TASK INPUT:
---*---
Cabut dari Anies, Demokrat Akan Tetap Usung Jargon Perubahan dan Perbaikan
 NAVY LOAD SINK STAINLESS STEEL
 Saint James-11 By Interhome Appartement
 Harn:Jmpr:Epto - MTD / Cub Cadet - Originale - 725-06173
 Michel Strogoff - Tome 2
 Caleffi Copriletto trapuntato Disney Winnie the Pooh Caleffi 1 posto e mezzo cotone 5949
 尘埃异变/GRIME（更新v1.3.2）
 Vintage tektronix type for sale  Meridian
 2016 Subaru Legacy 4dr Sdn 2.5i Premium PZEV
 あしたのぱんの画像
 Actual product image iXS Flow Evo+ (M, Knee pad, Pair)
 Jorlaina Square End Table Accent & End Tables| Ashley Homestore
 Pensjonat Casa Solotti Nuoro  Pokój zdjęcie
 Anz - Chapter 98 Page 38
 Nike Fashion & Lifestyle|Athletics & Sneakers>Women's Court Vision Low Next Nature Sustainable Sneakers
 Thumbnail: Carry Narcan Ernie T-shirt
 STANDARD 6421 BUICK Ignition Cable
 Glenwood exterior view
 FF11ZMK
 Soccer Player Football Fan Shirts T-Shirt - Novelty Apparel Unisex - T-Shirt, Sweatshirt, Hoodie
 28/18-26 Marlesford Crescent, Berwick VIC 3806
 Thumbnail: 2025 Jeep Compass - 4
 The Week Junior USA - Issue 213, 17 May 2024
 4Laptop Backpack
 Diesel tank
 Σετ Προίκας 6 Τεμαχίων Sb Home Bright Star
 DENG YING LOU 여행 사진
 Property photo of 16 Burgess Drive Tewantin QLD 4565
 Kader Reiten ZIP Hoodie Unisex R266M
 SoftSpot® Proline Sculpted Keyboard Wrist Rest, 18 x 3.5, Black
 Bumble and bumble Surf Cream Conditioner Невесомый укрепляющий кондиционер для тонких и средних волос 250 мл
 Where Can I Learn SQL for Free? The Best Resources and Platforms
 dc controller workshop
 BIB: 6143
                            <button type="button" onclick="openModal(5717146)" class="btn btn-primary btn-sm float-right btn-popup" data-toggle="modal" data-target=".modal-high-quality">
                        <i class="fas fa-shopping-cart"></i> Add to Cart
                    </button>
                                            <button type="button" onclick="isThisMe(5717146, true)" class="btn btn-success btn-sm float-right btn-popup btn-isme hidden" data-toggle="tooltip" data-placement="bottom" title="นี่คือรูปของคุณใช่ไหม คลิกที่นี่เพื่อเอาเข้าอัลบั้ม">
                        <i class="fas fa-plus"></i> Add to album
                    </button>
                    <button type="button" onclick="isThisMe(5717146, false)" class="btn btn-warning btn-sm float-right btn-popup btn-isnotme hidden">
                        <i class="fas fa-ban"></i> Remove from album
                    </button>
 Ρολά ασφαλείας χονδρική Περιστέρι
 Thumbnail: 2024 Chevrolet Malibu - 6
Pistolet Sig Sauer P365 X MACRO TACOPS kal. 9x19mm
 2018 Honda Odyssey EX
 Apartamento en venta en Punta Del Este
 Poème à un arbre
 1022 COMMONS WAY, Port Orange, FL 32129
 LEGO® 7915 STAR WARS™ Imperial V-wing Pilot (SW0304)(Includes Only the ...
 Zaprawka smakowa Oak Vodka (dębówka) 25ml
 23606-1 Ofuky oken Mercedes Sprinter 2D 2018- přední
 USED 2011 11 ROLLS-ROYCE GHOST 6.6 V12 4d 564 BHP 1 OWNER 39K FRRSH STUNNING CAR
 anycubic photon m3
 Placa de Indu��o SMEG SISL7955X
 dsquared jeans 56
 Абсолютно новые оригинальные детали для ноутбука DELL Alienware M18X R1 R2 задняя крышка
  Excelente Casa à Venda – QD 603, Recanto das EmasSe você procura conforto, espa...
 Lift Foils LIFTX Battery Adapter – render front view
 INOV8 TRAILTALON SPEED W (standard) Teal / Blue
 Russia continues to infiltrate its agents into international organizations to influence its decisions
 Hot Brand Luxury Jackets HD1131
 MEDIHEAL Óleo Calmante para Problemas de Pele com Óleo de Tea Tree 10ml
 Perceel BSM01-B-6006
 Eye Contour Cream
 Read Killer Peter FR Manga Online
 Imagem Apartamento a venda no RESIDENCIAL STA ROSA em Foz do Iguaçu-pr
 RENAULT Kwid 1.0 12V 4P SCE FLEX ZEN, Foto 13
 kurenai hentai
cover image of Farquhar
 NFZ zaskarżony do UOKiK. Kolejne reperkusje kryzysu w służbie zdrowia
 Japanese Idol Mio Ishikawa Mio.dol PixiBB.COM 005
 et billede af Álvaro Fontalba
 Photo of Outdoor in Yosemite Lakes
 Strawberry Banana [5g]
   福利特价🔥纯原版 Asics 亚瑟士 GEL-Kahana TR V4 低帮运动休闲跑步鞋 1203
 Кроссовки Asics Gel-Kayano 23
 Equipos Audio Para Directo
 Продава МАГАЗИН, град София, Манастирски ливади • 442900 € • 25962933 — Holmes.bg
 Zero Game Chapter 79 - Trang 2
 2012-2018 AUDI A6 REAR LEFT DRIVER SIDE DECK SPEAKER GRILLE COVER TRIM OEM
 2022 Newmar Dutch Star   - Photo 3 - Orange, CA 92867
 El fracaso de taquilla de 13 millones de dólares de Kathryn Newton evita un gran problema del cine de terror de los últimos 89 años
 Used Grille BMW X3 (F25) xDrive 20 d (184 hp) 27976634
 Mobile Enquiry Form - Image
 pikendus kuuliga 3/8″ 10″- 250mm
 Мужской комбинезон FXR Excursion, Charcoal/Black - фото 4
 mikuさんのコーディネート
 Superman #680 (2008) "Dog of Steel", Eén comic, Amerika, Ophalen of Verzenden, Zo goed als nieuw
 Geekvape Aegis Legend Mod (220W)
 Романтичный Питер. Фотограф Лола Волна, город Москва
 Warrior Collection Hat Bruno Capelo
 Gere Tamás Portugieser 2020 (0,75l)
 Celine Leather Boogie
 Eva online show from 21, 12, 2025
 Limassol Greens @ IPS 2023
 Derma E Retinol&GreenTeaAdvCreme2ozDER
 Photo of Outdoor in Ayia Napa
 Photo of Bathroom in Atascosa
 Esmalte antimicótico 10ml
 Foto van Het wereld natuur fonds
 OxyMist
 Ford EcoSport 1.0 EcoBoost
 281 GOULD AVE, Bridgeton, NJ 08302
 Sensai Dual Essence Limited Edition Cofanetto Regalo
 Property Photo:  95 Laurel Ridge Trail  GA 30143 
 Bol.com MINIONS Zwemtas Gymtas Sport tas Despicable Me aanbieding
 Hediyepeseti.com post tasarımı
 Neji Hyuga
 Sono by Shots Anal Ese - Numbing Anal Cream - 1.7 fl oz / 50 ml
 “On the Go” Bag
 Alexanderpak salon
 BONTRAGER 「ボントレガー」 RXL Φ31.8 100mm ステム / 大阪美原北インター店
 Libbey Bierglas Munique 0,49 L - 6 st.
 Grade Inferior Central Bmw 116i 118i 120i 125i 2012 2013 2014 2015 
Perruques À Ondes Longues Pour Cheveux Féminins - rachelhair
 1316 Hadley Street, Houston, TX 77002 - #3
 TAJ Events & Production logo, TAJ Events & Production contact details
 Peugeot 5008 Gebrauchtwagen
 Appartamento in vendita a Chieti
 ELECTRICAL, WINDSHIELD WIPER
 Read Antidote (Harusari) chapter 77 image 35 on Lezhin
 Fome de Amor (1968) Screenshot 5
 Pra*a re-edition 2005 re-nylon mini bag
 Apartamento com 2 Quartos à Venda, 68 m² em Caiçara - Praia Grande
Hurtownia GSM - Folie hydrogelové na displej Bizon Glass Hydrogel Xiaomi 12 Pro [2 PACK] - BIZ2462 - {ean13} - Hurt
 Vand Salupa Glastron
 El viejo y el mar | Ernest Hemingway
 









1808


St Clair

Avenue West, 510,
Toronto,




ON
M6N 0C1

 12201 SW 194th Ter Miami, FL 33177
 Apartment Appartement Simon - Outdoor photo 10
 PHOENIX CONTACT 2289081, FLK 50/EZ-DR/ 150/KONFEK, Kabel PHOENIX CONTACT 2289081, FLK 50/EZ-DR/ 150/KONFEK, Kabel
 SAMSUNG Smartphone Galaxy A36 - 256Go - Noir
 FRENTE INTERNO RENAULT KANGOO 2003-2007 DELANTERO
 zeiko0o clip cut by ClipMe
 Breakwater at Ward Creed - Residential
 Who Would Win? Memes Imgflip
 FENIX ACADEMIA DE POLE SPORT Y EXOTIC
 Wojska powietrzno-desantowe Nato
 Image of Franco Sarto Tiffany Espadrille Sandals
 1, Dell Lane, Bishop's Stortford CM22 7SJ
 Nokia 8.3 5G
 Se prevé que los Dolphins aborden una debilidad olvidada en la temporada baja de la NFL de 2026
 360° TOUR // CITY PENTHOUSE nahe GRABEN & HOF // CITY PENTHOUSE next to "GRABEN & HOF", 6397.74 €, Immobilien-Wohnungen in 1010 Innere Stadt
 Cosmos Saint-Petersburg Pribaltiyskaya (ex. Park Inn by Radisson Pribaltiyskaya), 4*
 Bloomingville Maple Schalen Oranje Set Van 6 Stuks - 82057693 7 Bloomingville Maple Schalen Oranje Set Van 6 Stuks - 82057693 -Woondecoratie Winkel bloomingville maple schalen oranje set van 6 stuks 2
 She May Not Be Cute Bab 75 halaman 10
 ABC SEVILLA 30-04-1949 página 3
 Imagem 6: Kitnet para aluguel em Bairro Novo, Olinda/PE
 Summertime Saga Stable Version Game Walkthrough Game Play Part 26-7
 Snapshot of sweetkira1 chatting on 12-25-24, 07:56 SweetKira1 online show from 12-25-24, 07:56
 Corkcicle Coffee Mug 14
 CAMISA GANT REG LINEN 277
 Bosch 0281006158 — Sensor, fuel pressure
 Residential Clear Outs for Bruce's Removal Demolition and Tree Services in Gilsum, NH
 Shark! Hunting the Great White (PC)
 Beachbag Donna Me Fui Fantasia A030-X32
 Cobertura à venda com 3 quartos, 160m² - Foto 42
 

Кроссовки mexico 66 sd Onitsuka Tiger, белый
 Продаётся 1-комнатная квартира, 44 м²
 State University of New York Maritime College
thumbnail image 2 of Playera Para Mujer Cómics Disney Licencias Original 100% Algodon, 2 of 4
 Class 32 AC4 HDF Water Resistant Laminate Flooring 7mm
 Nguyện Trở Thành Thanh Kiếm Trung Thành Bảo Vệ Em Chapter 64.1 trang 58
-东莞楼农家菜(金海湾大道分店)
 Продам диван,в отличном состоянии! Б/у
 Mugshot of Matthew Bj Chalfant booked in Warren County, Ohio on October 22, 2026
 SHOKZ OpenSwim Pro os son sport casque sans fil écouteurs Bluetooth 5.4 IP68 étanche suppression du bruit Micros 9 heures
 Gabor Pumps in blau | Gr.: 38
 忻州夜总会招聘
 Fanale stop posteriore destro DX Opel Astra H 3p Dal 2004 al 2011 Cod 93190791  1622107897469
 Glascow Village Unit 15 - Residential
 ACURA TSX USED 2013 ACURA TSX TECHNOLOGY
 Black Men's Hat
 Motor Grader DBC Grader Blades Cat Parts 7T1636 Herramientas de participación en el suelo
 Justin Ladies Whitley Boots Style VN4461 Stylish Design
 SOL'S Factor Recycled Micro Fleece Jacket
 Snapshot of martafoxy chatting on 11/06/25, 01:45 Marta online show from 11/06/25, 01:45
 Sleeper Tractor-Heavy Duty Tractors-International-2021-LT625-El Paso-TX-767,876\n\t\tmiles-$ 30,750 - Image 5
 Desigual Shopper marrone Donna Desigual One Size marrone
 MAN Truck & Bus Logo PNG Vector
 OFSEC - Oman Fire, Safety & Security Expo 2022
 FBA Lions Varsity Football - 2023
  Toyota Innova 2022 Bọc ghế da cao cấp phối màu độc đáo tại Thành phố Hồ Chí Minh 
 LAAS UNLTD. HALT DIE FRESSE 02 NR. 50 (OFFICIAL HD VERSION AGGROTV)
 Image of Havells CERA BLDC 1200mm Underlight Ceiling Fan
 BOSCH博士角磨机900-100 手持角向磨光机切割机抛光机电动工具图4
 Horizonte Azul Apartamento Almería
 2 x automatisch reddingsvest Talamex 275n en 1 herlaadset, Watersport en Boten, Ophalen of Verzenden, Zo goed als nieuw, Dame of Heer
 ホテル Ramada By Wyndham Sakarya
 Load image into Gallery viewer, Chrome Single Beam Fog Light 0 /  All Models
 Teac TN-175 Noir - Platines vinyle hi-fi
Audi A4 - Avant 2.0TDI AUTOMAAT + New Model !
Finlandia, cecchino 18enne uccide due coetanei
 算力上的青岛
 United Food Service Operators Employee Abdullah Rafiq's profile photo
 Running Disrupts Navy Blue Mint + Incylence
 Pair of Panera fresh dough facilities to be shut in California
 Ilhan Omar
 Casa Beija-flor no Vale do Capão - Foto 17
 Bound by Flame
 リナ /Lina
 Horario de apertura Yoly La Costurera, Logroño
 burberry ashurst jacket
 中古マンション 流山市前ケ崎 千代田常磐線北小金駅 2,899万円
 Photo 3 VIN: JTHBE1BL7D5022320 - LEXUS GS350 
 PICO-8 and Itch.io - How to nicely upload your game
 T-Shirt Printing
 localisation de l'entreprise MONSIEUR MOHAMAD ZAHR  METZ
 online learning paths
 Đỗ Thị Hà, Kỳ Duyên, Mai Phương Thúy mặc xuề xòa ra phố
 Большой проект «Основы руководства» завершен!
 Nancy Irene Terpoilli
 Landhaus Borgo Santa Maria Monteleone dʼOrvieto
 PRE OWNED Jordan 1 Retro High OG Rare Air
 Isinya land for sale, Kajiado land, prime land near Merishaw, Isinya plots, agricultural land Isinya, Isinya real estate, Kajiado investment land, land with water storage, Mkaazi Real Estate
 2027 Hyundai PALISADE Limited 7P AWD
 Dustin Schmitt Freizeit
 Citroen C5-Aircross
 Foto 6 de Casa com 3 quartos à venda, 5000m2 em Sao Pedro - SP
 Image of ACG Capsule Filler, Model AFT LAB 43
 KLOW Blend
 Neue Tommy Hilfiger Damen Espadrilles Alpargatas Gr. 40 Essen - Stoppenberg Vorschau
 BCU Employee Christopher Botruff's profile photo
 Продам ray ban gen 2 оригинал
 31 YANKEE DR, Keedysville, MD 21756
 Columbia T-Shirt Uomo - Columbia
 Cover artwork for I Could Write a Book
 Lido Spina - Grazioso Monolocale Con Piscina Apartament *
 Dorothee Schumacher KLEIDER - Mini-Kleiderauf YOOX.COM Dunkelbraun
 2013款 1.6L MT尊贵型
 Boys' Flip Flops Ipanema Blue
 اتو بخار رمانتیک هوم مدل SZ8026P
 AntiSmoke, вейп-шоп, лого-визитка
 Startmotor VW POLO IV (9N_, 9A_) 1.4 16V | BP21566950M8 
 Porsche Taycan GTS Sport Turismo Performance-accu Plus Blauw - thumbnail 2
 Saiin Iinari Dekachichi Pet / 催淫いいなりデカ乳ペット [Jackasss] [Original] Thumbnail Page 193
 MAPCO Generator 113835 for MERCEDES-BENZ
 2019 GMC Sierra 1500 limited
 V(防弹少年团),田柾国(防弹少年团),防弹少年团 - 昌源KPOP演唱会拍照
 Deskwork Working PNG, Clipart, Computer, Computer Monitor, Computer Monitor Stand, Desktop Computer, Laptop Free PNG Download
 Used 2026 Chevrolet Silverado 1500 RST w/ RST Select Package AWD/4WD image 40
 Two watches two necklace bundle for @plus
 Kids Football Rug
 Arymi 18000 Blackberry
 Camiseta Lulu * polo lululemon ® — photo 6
---*---
EXERCISE DESCRIPTION: Lines in the material above that include the string "Free" should be listed.

ANSWER BOX:
 Where Can I Learn SQL for Free? The Best Resources and Platforms
 Deskwork Working PNG, Clipart, Computer, Computer Monitor, Computer Monitor Stand, Desktop Computer, Laptop Free PNG Download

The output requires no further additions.